The evolutionary distances were arrived at by tracking the number of changes between nucleotide sequences sampled at different times [5, 6]. Pair wise distance measurement gave an estimate of the evolutionary distance in terms of number of nucleotide substitutions.
The genetic distance was calculated based on Kimura 2 parameter [7] implemented in MEGA software [8]. This was done by estimating transition and transversion differences in nucleotide sequences. The transition type tries to get the difference between both purines and pyrimidines (T↔C, A↔G). In the latter case it computes the distance between one of the two in which one is a purine and the other one is a pyrimidine (T↔A, T↔G, C↔A, and C↔G). The method of calculation is defined in the equation given below.
\[K = - \frac{1}{2}lo{g_e}\{ \left( {1 - {\rm{ }}2P - Q{\rm{ }}} \right)\sqrt {1 - 2Q\} } \]
The fractions of the nucleotide site of transition and transversion were represented by P and Q of the two sequences..

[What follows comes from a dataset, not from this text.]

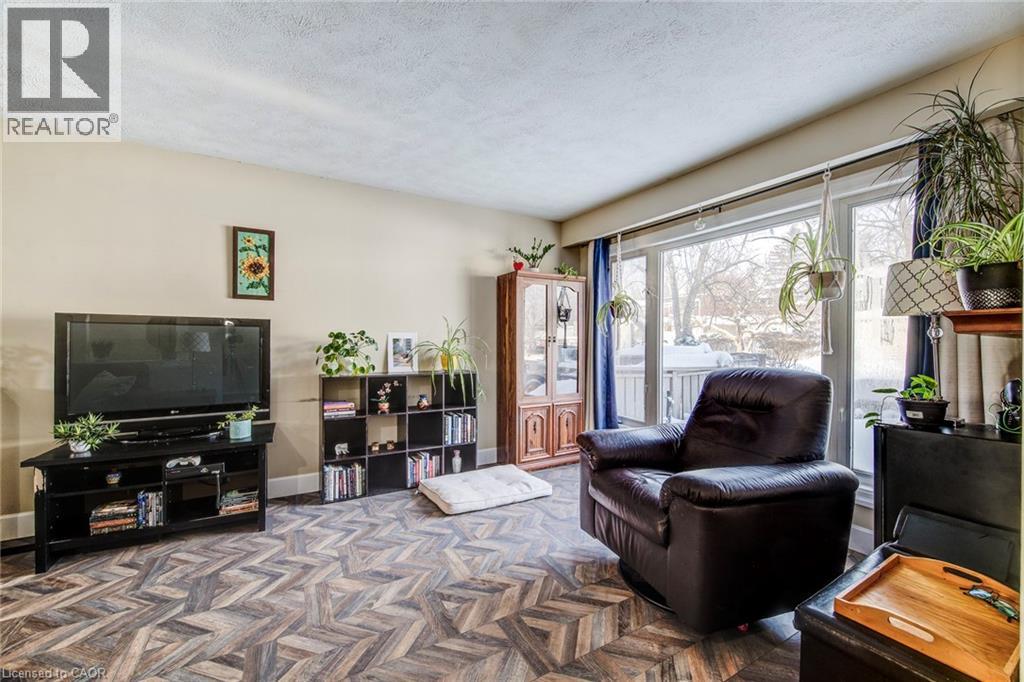 71 SHADELAND Crescent thumbnail 9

Phylogenetic analysis was used to estimate the evolutionary relationships among groups of organisms or within species. The evolutionary relationship is usually depicted as a tree like diagram know as phylogenetic tree. All the 65 sequences were aligned and converted to PHYLIP format using Clustal W [9]. As the rates of mutations were found to be high in HCV the trees were constructed using DNA Parsimony (Dnapars) program implemented in PHYLIP package [10]. Dnapars assumes that different lineage evolve independently. To confirm the reliability of the phylogenetic tree 1000 bootstrap resampling tests were performed using Seqboot program. It produced a collection of trees rather than a point estimate of an optimal tree. Since such a tree with no measure of reliability is not particularly helpful, a consensus tree was built from out tree file of Dnapars using Consense program. The tree was drawn by the program Drawgram. The ancestral genotype of HCV was then computed by tracing back to a hypothetical genetic sequence from which the evolution of HCV would have commenced.

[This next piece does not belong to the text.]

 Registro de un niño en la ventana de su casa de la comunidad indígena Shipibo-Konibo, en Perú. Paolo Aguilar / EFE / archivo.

The hypothetical ancestral sequences of the each node of the phylogenetic tree were estimated by Dnaml program implemented in Phylip. Then the distances from the ancestral sequences to each strain were estimated by the Neighbor-Joining tree and Minimum Evolution tree implemented in MEGA 4. The mean distance was then estimated from distance values obtained from MEGA Neighbor- Joining tree and
Minimum Evolution tree. The molecular date was estimated by a simple division of genetic distance by calibration rate (nucleotide substitution per site per year). The nucleotide substitution rate of HCV was estimated at 0.67*10-3 per site per year [11].
A new sequence data set comprising of all the 65 NS5B region of HCV along with the full genome of CHV was compiled to perform a multiple sequence alignment. Till date only core, NS3 and polyprotein regions of CHV were isolated and sequenced which are made available at Genbank. In the present study, the full genome of HCV was used for the analysis. These alignment files were used to predict the evolutionary distance as mentioned in 2.2.3. A phylogenetic tree was also constructed using a Neighbor-Joining method implemented in MEGA software [12].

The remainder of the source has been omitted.